*PROBLEM DETAILS*: If a line in the entries below includes "Garage", show that line.
-- DATA TO EXAMINE follows --
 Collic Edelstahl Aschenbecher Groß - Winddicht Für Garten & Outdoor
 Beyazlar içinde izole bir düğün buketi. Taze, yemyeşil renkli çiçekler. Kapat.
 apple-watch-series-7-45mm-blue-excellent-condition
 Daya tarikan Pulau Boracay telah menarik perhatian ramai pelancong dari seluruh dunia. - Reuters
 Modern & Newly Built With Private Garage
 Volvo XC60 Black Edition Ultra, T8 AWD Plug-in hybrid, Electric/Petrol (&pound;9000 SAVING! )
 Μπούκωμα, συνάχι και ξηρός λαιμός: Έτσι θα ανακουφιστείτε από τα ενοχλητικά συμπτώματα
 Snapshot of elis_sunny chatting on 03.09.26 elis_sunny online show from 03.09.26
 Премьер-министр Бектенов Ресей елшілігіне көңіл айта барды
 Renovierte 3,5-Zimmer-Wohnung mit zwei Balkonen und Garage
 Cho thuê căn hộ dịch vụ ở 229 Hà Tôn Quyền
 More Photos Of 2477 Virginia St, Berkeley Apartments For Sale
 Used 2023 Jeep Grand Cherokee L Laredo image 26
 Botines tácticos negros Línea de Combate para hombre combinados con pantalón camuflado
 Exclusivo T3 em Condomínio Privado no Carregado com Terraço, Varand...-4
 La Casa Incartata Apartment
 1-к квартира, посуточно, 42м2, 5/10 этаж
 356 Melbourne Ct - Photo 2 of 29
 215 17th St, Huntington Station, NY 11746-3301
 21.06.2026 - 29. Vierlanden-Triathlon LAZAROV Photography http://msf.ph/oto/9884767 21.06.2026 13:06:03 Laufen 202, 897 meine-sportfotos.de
-- DATA TO EXAMINE concluded --
*EXERCISE ANSWER*:
 Modern & Newly Built With Private Garage
 Renovierte 3,5-Zimmer-Wohnung mit zwei Balkonen und Garage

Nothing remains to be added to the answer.